Material provided:

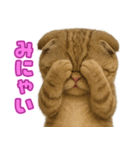 キモブサカワ7(スコ)（個別スタンプ：9）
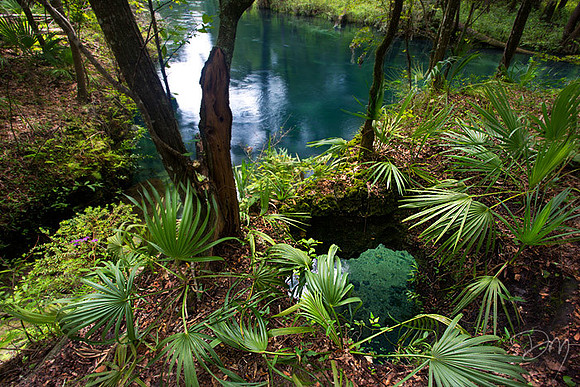 Devils_Den2_Ichetucknee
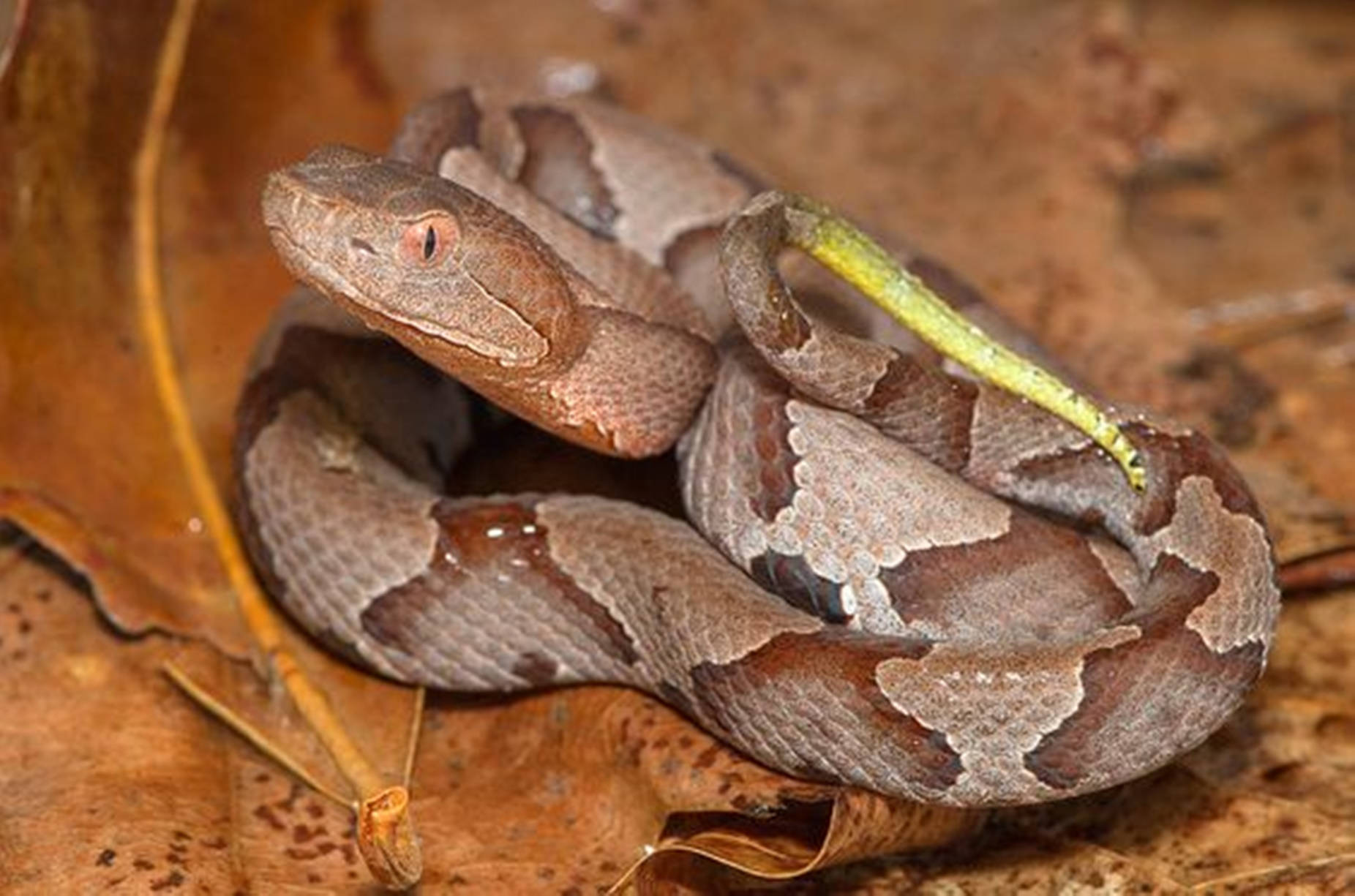 Copperhead's Luring Yellow Tail Background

What is required: Keep every word of the lines above unchanged in the copy, and omit the pictures.

Your solution:
 キモブサカワ7(スコ)（個別スタンプ：9）
 Devils_Den2_Ichetucknee
 Copperhead's Luring Yellow Tail Background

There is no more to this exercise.